INSTRUCTIONS FOR THE TASK: Word for word, restate the data that follows, omitting the images.

DATA EXCERPT:
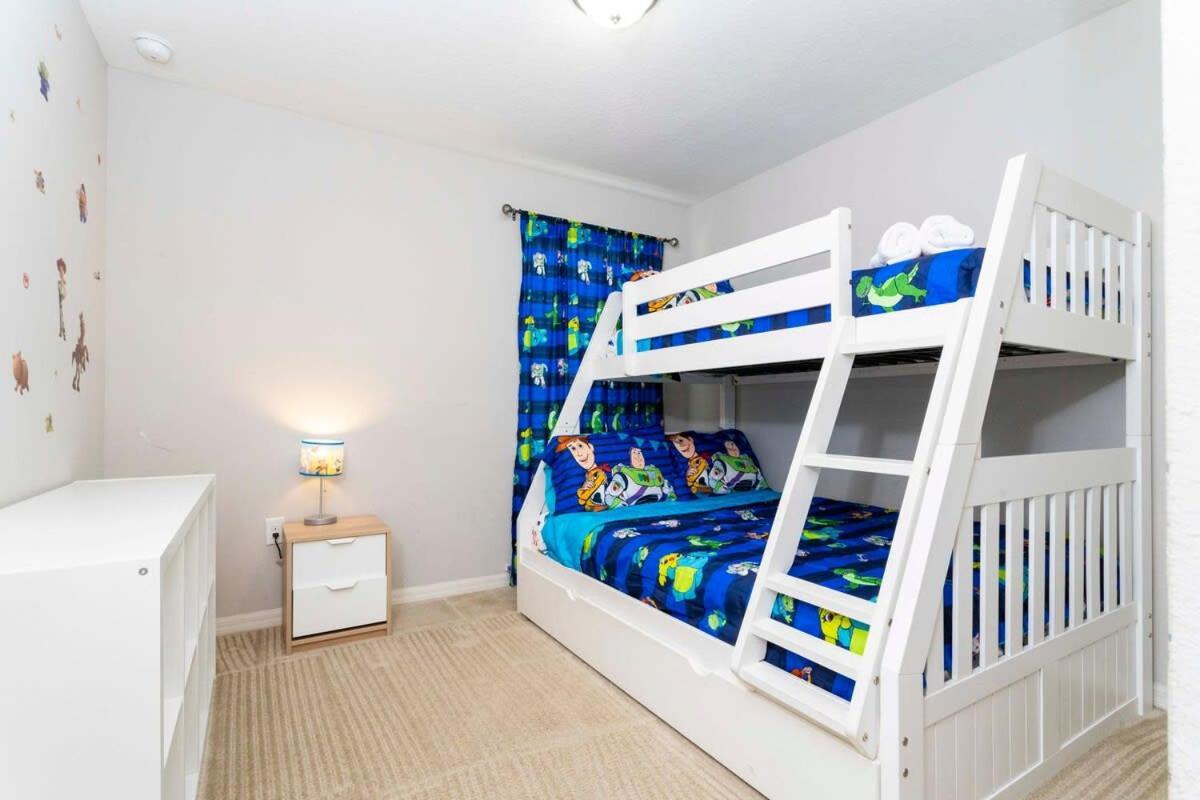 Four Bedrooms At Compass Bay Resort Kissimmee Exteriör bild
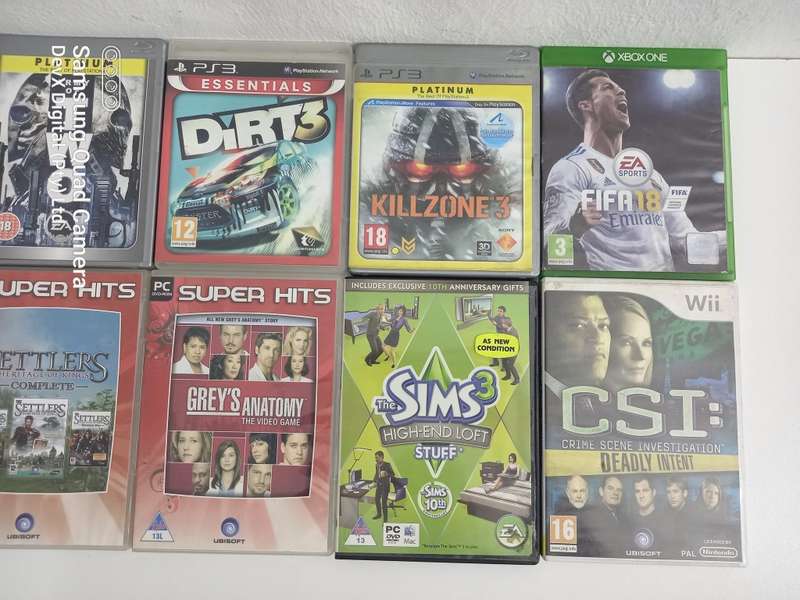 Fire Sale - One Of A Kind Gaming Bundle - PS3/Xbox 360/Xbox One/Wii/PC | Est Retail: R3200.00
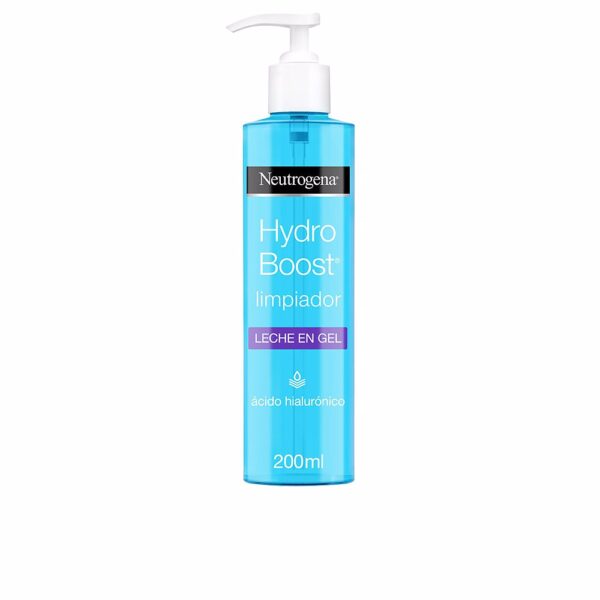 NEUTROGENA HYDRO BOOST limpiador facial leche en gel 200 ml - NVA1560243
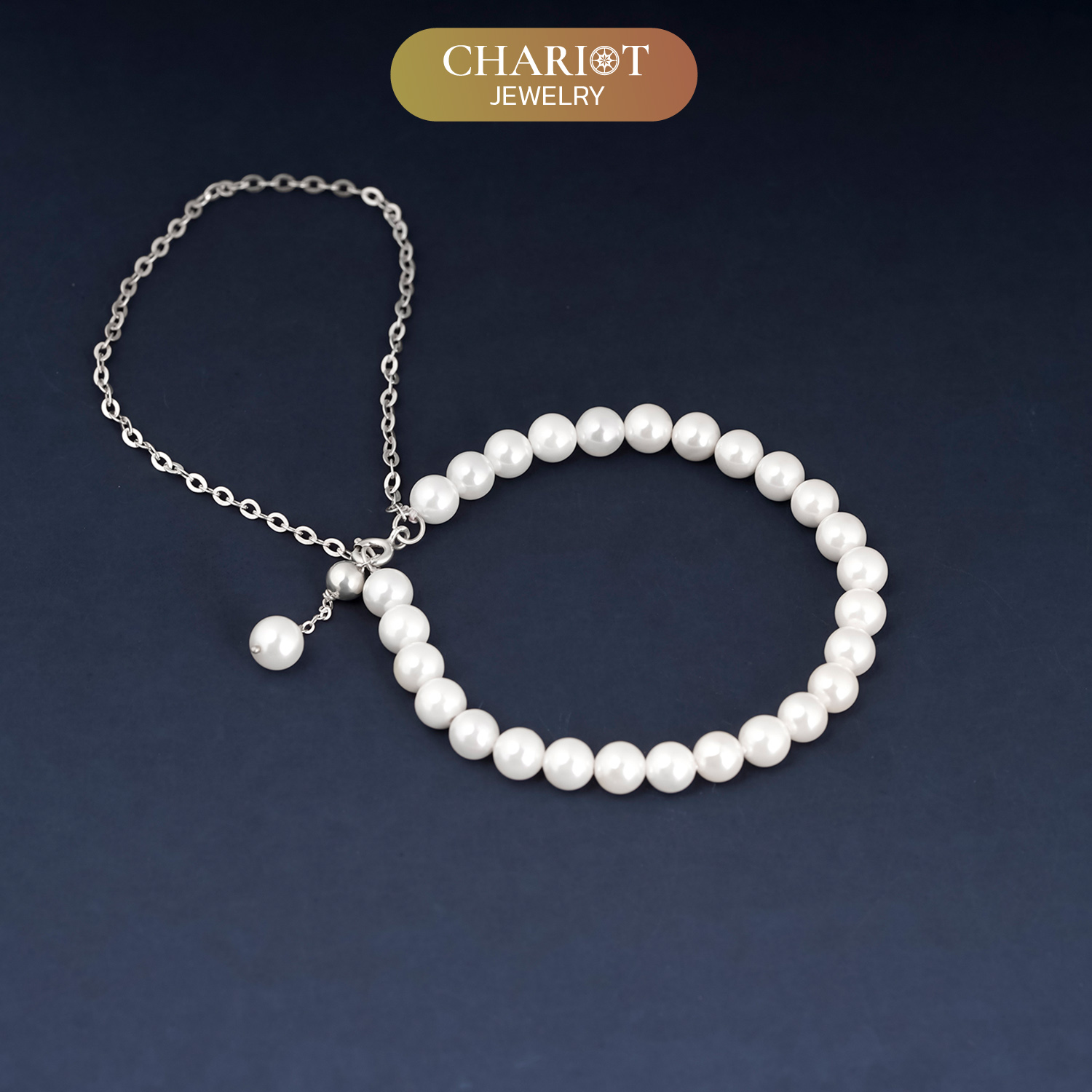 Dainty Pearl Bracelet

YOUR SOLUTION:
 Four Bedrooms At Compass Bay Resort Kissimmee Exteriör bild
 Fire Sale - One Of A Kind Gaming Bundle - PS3/Xbox 360/Xbox One/Wii/PC | Est Retail: R3200.00
 NEUTROGENA HYDRO BOOST limpiador facial leche en gel 200 ml - NVA1560243
 Dainty Pearl Bracelet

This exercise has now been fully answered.